Of all of Jacques Tati’s films, Mon Oncle (1958) is probably the most disarming in its satirical attack on efficiency and modernity. Monsieur Hulot is the perfect out of place character, stuck in an ever changing world that values tidiness and its objects more than its happiness and relationships.  The high tech nature that is gradually engulfing Paris has never been so quaintly photographed (though Tati’s Playtime (1967) comes a close second, though the city is completely modernised there).

Hulot lives in a labyrinth of a building; a mismatched patchwork of architecture full of beauty and individual character.  Mon Oncle uses its buildings and its architecture to show the differences between its characters and their value systems, perhaps more so than any film about class and the outsider.  Hulot’s house requires him to navigate its winding staircases to get to his apartment, shown in a beautifully cut shot where the viewer is given little snippets of where he’s at in the building through its various gaps and windows.  The family Hulot visits live in an entirely different building.

Theirs is an ugly and cold block of building, built on order and regularity.  The garden is a particular point of discourse with its unnecessarily winding path being strictly followed to get to the main gate, acting as a brilliant contrast to Hulot’s journey up to his top floor flat; a journey lengthened by choice rather than by necessity.

Hulot’s increasingly chaotic visits to the modern house are cause for much amusement, with his inability to adapt to modern technology being something humours and highly sympathetic.  The family’s house bears little difference with the husband’s place of work in a plastics factory; grey walls and electronic excesses.  Hulot’s presence is mirrored by the children of the area who take full advantage of their parent’s obsession with their perfect scenarios and objects.  One scene in particular where the children deliberately rock people’s cars making them believe the car behind has hit them is a perfect example of this.  Not only do the drivers act completely unreasonably in the face of what seems an accident, Hulot himself causes a similar accident by chance, perhaps suggesting that there is hope in the future of the young who may not be so obsessed with a well ordered society after all.

Tati is a master of orchestrating chaos in the most mundane of places and Mon Oncle has some of the best set pieces in comedy.  The gradual decent into utter madness at a simple “garden” party thrown by the family is packed to the brim with visual gags, with everyone desperate to appear in a socially positive light at any cost.  Hulot himself accidently sabotages the water feature (something which is only turned on when guests are at the house anyway) leading to all sorts of hilarious consequences.

The funniest parts of the film are in the smaller moments surrounding Hulot’s head on confrontations with modern technology.  When he finds a beaker that appears to able to bounce and is unbreakable, only he would assume that the rest of the household items are just as infallible.  He even seems like a bad influence on his nephew, giving him all sorts of nick knacks to disrupt the peace and harmony of the quiet modern utopia such as a silly whistle and a paper clown.

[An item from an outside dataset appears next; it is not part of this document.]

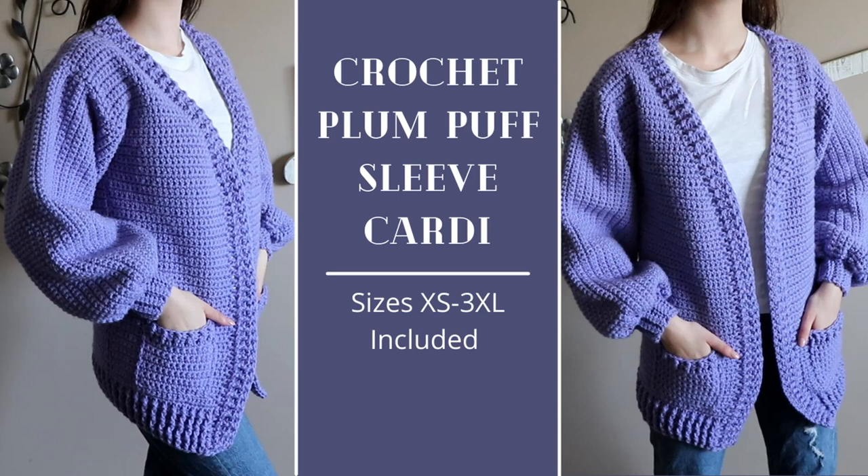Hey everyone, my name is Anne and welcome back to my channel. In today's video I'm going to show you guys how to crochet this plum puff sleeve sweater. I'll be making a small here, but sizes extra small to 3X large are also included in this video and in the written pattern that I have linked down below, so please go check it out.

The BFI release of the film not only contains the original cut but also the overseas version with an English dub, extra scenes and even different signs in English.  In a financial sense it’s an understandable marketing idea but even with Tati’s hatred of subtitles on record, it seems little more than sales boost.  However the film is of such a high quality that it’s hard not to forgive the obvious reasons for making such a cut when this was only his third feature film after all.  Also included is the original trailer (at least on the DVD version) and an excellent booklet of notes on the film.

It seems fitting that Tati’s films are getting full restorations and improved transfers in our modern age where speed is key.  There is an irony in there somewhere but Tati’s gentle prods at the absurdity of modern technology and its perceived importance in everyday life have never been more relevant than today; an age where gadgets such as Ipods and Iphones are essential to life though not necessarily to living it to the full.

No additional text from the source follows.